I’ve been thinking a lot about weeds this summer. They are everywhere. Copious amounts grow in my own yard and garden beds. Driving along the TCH in Newfoundland I even saw them growing straight out the side of solid rock. It got me thinking about the resiliency of weeds. How they can grow and, in fact, prosper in the most unlikely of places and in places where they were never planted or intended to grow in the first place. How the second we spot a weed we pluck it from its roots and toss it aside, declaring our gardens more beautiful with each one’s removal.
Before long, I started to compare myself, once again, to a weed. Here in Ottawa, I find myself in a place I never wanted to be and, for as long as I live here, in a place to which I will never feel like I belong. And yet, I grow and change and I become. Outsiders like me, and weeds, are often held back or cut down by our presumed lack of worth. The moment a gardener sees a weed, he pulls it. I have often felt that with every step I take forward, something or someone (or my stupid job) makes me feel like I’ve actually taken two steps back. Yet, somehow, we (the weeds and I) bounce back. We take a beating, and get knocked down but only long enough to recharge and gather our strength. And then we come back and try all over again. We rally well. We are resilient - to change, to adversity, to the willpower of others. We get knocked down easily but we don't stay down for long.
I have never really understood my own personal purpose. I have never been truly great at something. Anything, really. In everything, I have aspired to simply be average because for so long I felt less than so. I am not gifted with raw, untapped talent though I do believe I would have been a good musician given half the chance. I love music. I would have been the awesome drummer.
While I can’t google “what is the purpose of me?” and expect a valid explanation, I can google “what is the purpose of weeds?” and become enlightened. (I also once googled “what is the purpose of mosquitos?” after serving them a five course meal off the back of my legs one buggy evening a few summers ago.)
The answer I found was interesting. I have always felt that there is a connection between all living things in the most primal ways. For example, I read that each weed has three purposes, which is to grow, flower and produce babies. With a solid, Catholic education as evidentiary support, of course, I have long believed that humans served one purpose and had only one job – to procreate. The growing and flowering part just makes the socialist journey we are on more challenging, rewarding those who can and rejecting those who can’t.

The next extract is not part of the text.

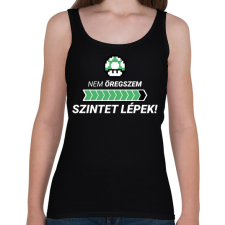 PRINTFASHION Nem öregszem! Szintet lépek! - Női atléta - Fekete női trikó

I also read that sometimes weeds will help hold up other plants, shade them from the sun, or take an insect attack on behalf of others. If weeds were people, wouldn’t they be awesome to have on your side? Wouldn’t you love to have someone around whose sole purpose in life is to hold you up when you can’t do it for yourself? Or to protect you from the elements? Or best of all, take the mosquito bullet for you? If weeds were people, they would be my very best friends.